Look through the records below for the line with "1GCWGFFA0B1124257 - 2011". Return that line and each one after it up to and including the line with "KINGSLAND COUNTRY ESTATE - Residential", exactly.
START TASK INPUTS
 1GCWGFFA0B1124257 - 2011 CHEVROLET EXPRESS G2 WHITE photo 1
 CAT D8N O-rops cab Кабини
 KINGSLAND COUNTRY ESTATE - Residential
END TASK INPUTS
START TASK INPUTS
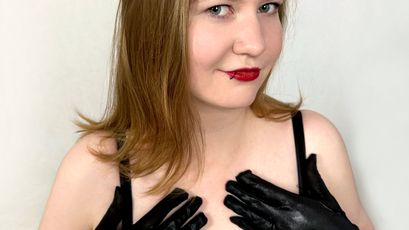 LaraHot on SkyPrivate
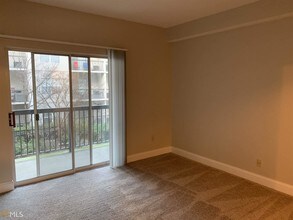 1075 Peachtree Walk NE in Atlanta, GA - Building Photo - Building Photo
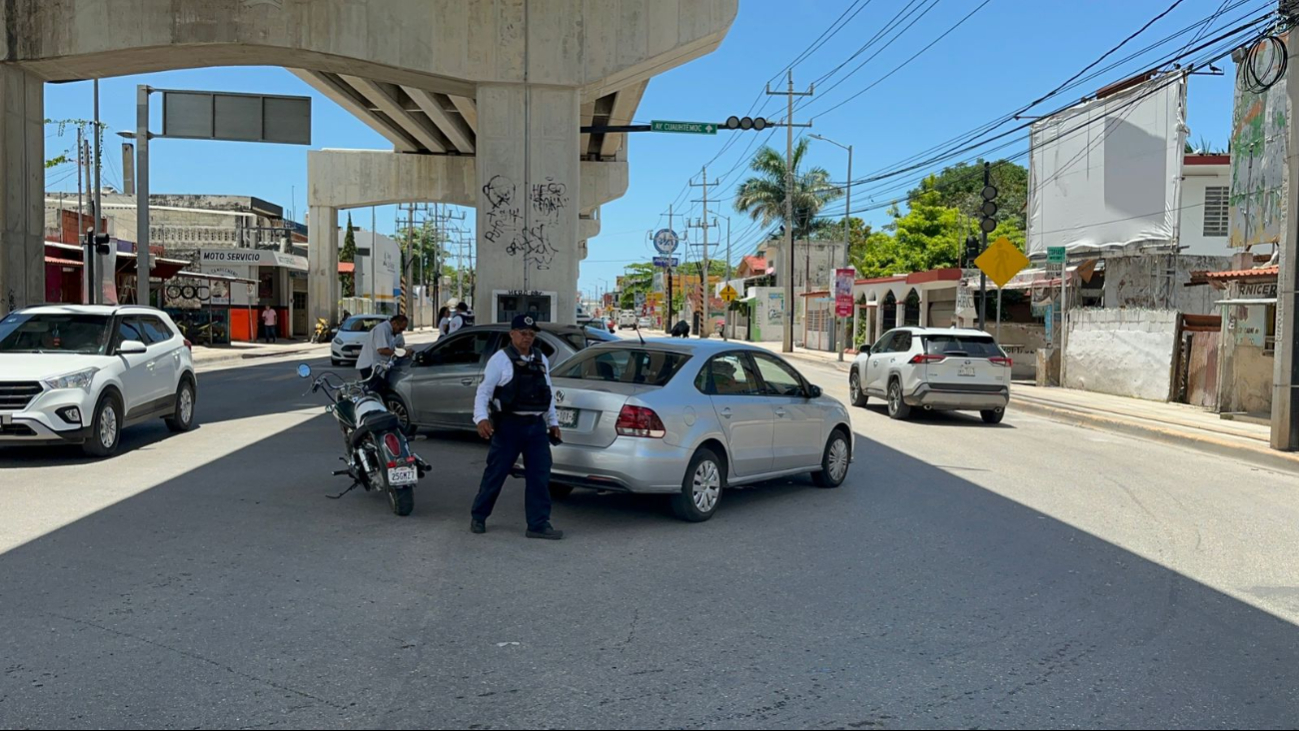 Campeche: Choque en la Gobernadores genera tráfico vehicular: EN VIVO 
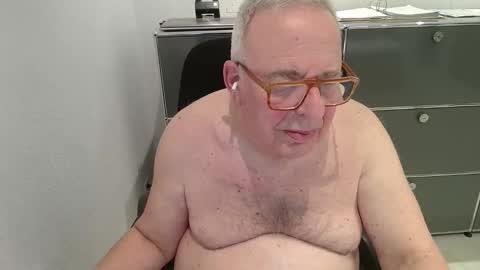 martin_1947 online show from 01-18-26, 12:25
END TASK INPUTS
▶ ANSWER TO THIS PROBLEM
 1GCWGFFA0B1124257 - 2011 CHEVROLET EXPRESS G2 WHITE photo 1
 CAT D8N O-rops cab Кабини
 KINGSLAND COUNTRY ESTATE - Residential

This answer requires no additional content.